11. Método para tratar ou prevenir sepse caracterizado pelo fato de que compreende a administração a um sujeito de uma quantidade terapeuticamente eficaz da composição farmacêutica, de acordo com a reivindicação 5, em que a administração não compromete a hemostasia do sujeito.

12. Método para produzir o anticorpo, de acordo com qualquer uma das reivindicações 1 à 4, caracterizado pelo fato de que compreende a expressão de um ácido nucleico que codifica o anticorpo clonado em um vetor de expressão em uma célula hospedeira.

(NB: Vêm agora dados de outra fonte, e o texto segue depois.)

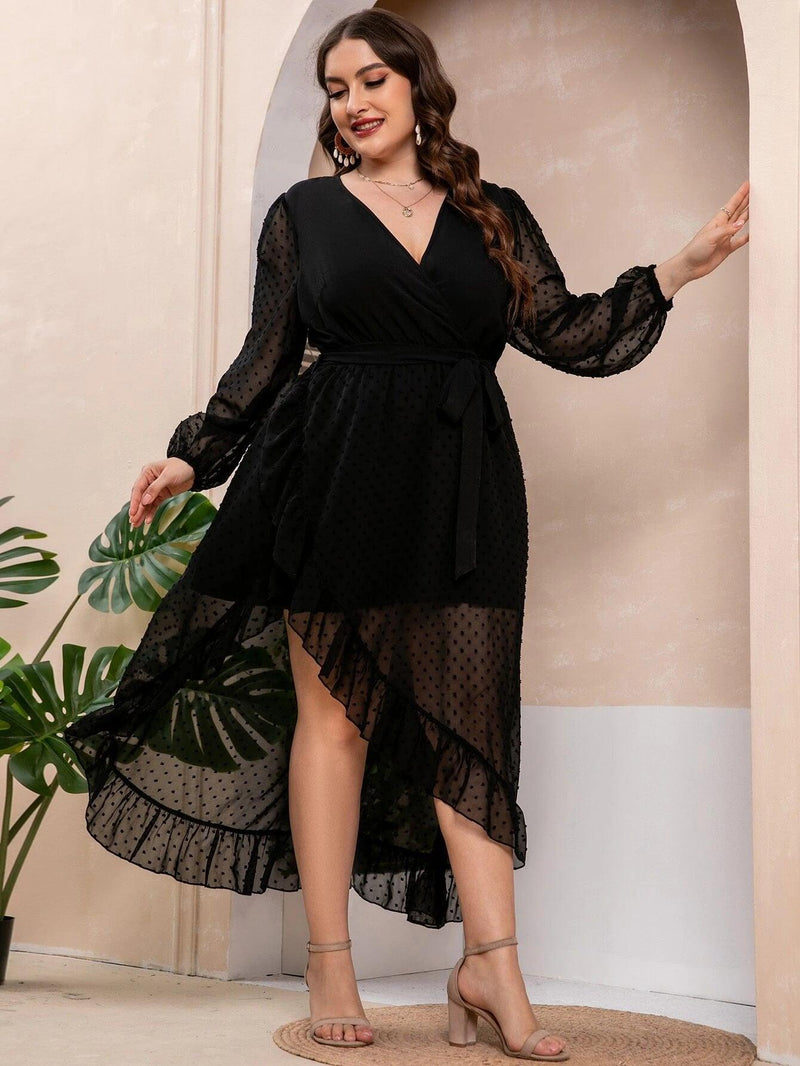 Vestido Elegante Bainha De Ruffle Plus Size - tassiniSKU_1713791658711_537tassinitassini(A040)1713791658711/12Vestido Elegante Bainha PretoGVestido Elegante Bainha De Ruffle Plus Size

13. Método, de acordo com a reivindicação 12, caracterizado pelo fato de que compreende ainda purificar o anticorpo expresso a partir da célula hospedeira.

14. Método, de acordo com a reivindicação 12, caracterizado pelo fato de que o vetor de expressão é um vetor pTT5 ou vetor pcDNA3.

15. Método, de acordo com a reivindicação 12, caracterizado pelo fato de que a célula hospedeira é uma célula CHO ou uma célula HEK193T.

16. Anticorpo ou um fragmento funcional do mesmo caracterizado pelo fato de que é produzido pelo método, de acordo com qualquer uma das reivindicações 12 a 15, ou uma porção imunologicamente ativa do mesmo.

17. Anticorpo, de acordo com a reivindicação 16, em que o anticorpo é caracterizado pelo fato de que foi modificado pós-tradução.